Guest post: South Dakota spends too much on high school sport and not enough on education

Editor's note: Today, students in South Dakota are fifth in overall rank of those in debt and suffer that load at the highest proportion in the US. The Bendagate state is 37th in grant and work opportunities rank and is tied for 42nd in student work opportunities. But school boards spend a ridiculous amount of money on sport including one district that plans to close a rural school but spent $1.2 million on a field where American football injures students.

Republican South Dakota District 27 Representative Liz May sees red state failure in flat education results. 

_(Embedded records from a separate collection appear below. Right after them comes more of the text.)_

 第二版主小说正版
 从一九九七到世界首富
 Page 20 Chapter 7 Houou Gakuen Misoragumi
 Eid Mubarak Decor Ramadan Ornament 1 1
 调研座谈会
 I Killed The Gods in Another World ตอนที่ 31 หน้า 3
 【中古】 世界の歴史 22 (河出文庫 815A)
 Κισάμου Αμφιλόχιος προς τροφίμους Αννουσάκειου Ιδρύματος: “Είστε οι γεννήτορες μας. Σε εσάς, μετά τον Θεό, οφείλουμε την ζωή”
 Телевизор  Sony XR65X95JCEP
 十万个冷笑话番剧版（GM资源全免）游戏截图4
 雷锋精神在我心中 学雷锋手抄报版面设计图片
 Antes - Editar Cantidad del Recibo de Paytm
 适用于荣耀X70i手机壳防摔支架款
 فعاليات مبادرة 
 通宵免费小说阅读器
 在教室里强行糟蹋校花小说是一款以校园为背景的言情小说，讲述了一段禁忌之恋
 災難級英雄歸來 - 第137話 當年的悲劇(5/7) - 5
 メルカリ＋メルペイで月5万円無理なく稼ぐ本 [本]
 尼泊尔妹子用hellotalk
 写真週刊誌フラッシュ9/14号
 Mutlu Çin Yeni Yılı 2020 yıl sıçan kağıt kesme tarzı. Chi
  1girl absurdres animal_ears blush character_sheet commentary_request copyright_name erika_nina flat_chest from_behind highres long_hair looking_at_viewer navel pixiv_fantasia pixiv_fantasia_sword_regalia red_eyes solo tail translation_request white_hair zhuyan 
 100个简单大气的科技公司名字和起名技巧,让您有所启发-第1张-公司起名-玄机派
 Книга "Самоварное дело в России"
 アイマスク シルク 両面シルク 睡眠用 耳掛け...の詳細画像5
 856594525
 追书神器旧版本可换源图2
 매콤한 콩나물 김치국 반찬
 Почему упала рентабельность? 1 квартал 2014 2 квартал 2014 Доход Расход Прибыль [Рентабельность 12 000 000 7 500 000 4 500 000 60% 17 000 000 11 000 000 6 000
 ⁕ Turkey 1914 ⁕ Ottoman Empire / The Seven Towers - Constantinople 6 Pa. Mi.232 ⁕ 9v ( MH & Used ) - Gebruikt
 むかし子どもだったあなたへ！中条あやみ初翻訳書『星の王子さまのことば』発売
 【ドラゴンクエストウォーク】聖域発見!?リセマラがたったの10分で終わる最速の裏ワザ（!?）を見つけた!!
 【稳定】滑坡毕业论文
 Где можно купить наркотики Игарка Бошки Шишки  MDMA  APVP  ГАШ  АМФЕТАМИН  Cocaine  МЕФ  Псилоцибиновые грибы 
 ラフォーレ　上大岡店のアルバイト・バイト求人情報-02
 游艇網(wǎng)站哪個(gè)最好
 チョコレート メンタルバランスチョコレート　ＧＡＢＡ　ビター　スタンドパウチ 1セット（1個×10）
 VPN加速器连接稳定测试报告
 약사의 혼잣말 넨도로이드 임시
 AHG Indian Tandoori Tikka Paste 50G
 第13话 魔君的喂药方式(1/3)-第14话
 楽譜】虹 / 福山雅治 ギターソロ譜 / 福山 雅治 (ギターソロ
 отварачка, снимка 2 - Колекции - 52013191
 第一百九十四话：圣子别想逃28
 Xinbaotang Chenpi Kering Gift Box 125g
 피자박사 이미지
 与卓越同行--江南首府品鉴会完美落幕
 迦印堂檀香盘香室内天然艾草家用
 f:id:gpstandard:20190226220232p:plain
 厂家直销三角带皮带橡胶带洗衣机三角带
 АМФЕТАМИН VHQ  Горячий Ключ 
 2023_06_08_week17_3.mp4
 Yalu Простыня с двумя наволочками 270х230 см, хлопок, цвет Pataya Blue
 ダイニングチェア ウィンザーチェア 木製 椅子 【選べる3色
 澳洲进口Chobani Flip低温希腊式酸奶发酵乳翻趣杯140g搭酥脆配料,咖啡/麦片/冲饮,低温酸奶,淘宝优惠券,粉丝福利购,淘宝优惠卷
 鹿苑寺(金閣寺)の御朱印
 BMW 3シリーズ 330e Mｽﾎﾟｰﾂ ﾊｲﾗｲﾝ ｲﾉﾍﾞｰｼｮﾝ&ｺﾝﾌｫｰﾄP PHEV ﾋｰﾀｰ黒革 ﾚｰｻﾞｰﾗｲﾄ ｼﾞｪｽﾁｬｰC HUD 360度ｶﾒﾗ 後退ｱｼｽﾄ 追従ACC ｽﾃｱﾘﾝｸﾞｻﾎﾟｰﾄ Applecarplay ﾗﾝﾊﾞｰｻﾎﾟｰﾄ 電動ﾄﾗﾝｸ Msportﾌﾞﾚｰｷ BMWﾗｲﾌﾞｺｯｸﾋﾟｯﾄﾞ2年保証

More Spending, Same Results — and Now They’re Closing the Schools That Work 
By Rep. Liz May, South Dakota House of Representatives, District 27
Across South Dakota, we’re watching a troubling pattern unfold. Local school boards, faced with shrinking budgets and state mandates, are closing rural schools — the very schools that often outperform their larger counterparts in both academics and attendance.
In Meade County, for example, Atall and Hereford Elementary were targeted for closure to “save” about $250,000 from a projected $1.25 million general fund deficit. But that deficit wasn’t caused by bad teaching or overspending — it was caused by the way South Dakota funds schools.
When a district loses students, it automatically loses state aid because our funding formula is based on student count, not student performance. The smaller a district gets, the less funding it receives — even if its students are excelling. That creates a cycle where efficiency is punished, and “saving” the budget means closing good schools.
So, rather than rethinking the formula, the district moves students from successful rural classrooms into the larger town schools to boost headcount. Then they use Capital Outlay funds — which can’t go toward classroom instruction — to bus those same students farther every day. The general fund deficit shrinks, but not because the district became more efficient — only because it sacrificed local schools that were working.
According to the South Dakota Department of Education, per-student spending has risen more than 30% since 2017, from about $8,300 to over $11,000. Yet the state’s own Report Card shows proficiency in reading, math, and science has barely moved.
That’s not a classroom problem — it’s a system problem. Our formula rewards enrollment and administration, not learning and performance. And when test results reveal flat outcomes, we hear a new excuse: “The tests are wrong.”
But if the tests are so wrong, why do we still use them to collect federal dollars, determine accreditation, and justify spending? You can’t claim the tests are good enough for the money but bad enough to excuse the results. South Dakota has used the same state assessments since 2015 — and the results have been consistent year after year. That’s not a testing failure; that’s a failure of priorities.
Meanwhile, parents in Meade County and across the state are watching their smaller rural schools disappear — not because they aren’t working, but because the funding model makes them expendable.
If we truly value education, we should be rewarding performance, not paperwork. That starts by giving districts credit for sharing administrative services, streamlining operations, and prioritizing results instead of raw headcounts.
Closing schools that work just to prop up a broken formula is backwards. If we want to rebuild trust in South Dakota’s public education system, we need to prove that learning — not numbers — drives how we spend our education dollars.